Sciencemadness Discussion Board

Preperation of platinum salts

Reverend Necroticus Rex - 8-9-2005 at 20:04

I have recently been busting a nut atempting to prepare Pt salts, for use in making Pt/C catalyst, and as yet, have been more or less unsuccessful.

I attempted first electrolysis of Pt leaf in HCl, which yielded what I believe to be a very dilute solution of hexachloroplatinic acid, as it formed a thin Pt coating on an iron screwdriver blade on contact.

Tonight, I attempted to dissolve Pt in fused NaOH, as I was under the impression that Pt was attacked by fused alkalis, with a success rating falling somewhere between sweet fuck nowhere and bog all.

I know I could dissolve it in aqua regia, but I am unable to do that, as I have no HNO3 unfortunately.

So, those methods aside, anyone got a suggestion as to how I can prepare some sort of Pt compound? I intend on mixing it with sucrose, and calcining together, to prepare 5% Pt/C.

praseodym - 9-9-2005 at 03:47

Quote:
Originally posted by Reverend Necroticus Rex

Tonight, I attempted to dissolve Pt in fused NaOH, as I was under the impression that Pt was attacked by fused alkalis, with a success rating falling somewhere between sweet fuck nowhere and bog all.

Would it be better if you have added sodium nitrate in this reaction? Because I remember reading from some books (currently couldn't recall which one) that platinium compounds can be formed by heating with alkalis, especially with potassium nitrate and hydroxide. Corrosion of platinium by chlorine, sulphur or phosphorus may also give you some platinium compounds.

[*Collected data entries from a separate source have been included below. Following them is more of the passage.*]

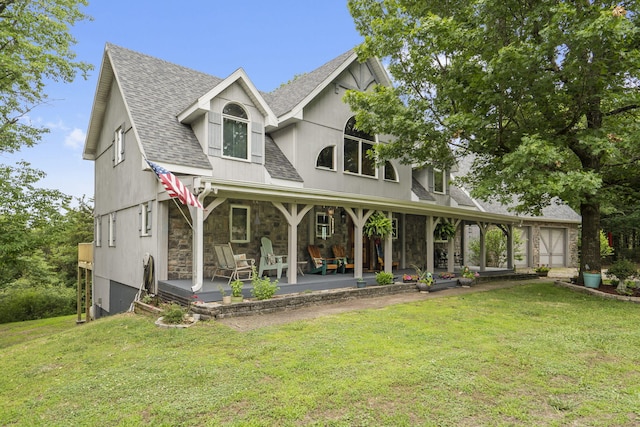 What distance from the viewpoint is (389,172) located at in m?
13.4

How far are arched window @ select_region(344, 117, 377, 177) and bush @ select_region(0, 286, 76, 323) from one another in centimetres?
1719

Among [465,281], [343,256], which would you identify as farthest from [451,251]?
[343,256]

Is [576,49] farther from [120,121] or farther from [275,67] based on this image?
[275,67]

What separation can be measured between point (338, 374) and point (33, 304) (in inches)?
817

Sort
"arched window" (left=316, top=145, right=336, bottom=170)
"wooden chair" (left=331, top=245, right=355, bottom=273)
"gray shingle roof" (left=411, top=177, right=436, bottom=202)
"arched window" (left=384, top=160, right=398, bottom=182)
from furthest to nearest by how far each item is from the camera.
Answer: "gray shingle roof" (left=411, top=177, right=436, bottom=202) → "arched window" (left=384, top=160, right=398, bottom=182) → "arched window" (left=316, top=145, right=336, bottom=170) → "wooden chair" (left=331, top=245, right=355, bottom=273)

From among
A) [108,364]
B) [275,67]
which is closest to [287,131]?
[108,364]

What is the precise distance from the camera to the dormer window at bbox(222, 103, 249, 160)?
9781mm

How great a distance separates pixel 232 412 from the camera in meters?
3.28

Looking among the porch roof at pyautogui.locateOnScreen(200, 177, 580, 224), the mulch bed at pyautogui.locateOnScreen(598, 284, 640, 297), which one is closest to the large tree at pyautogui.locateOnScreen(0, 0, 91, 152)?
the porch roof at pyautogui.locateOnScreen(200, 177, 580, 224)

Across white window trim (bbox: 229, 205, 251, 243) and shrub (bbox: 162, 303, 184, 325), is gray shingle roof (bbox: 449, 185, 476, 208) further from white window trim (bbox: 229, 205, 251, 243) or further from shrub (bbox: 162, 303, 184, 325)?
shrub (bbox: 162, 303, 184, 325)

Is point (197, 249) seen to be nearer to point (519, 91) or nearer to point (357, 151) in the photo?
point (357, 151)

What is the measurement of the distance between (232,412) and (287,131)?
29.9 ft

By the way, you are also able to get platinium compound from the fluorescent screens of X-rays. The compound should be barium platinocyanide if I am not wrong.

Fleaker - 9-9-2005 at 15:52

Corroding platinum with chlorine or anything else for that matter is really difficult to do unless it is done at high temperatures. Cold aqua regia has no effect on it, it's needs to be hot to dissolve it.

Potassium hydroxide and potassium nitrate (I think bisulfate can be used for the ruthenium) fusions work well on the heavy platinum metal triads, Ir, Os, and Pt.

woelen - 10-9-2005 at 10:51

I myself had a similar problem with ruthenium, not being able to dissolve it, not even in hot aqua regia (I do have HNO3 :)).

I asked on sci.chem and somewhere over there was so kind to suggest the following method for dissolving noble metals:

Take some common household bleach with 5% active chlorine and dissolve a little NaOH in this.
Add the metal, preferably in fine chunks or as powder and heat the liquid with the metal. Do not boil, as that will decompose the hypochlorite in the bleach.

I tried this with the ruthenium and indeed it worked quite well. I was able to dissolve approximately 50 mg in 5 minutes. I performed the process in small batches, one after another and in this way, in half an hour I had dissolved 250 mg and I had a few ml of a deep-red liquid, containing the red ruthenate (VI) ion.

I'm not sure whether this works for platinum, but at least you could give it a try.